ACTIVITY:
Use the entries below and reproduce exactly the lines from the one containing "Chacma Baboon (Papio" down to the one containing "Taken in February", both of them included.

THE DATA:
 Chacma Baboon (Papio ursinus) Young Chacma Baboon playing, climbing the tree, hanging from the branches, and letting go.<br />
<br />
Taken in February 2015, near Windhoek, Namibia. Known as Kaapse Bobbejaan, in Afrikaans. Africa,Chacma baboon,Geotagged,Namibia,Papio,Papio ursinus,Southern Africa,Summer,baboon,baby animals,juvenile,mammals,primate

* * *

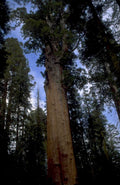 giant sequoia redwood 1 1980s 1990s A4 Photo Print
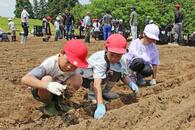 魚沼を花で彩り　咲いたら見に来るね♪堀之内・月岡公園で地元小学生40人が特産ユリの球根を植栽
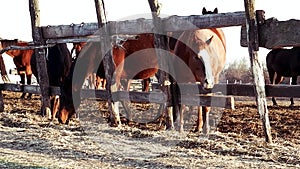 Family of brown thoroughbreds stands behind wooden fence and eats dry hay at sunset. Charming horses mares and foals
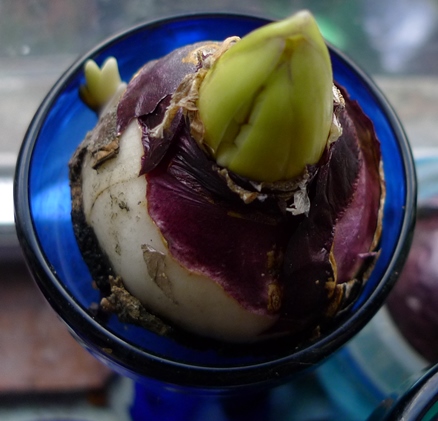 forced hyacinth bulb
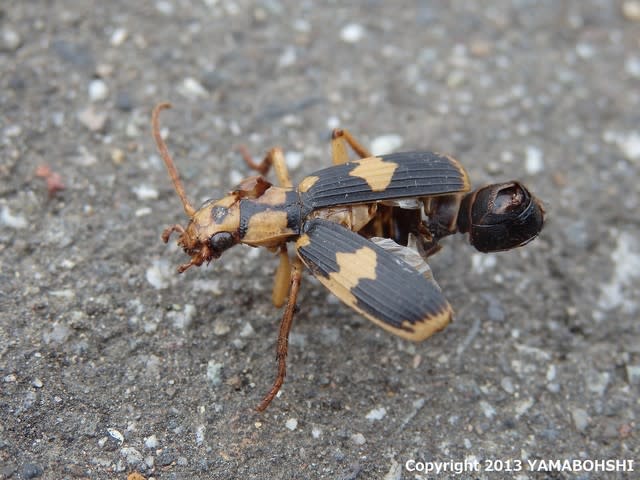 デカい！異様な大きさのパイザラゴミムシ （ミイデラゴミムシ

EXERCISE SOLUTION:
 Chacma Baboon (Papio ursinus) Young Chacma Baboon playing, climbing the tree, hanging from the branches, and letting go.<br />
<br />
Taken in February 2015, near Windhoek, Namibia. Known as Kaapse Bobbejaan, in Afrikaans. Africa,Chacma baboon,Geotagged,Namibia,Papio,Papio ursinus,Southern Africa,Summer,baboon,baby animals,juvenile,mammals,primate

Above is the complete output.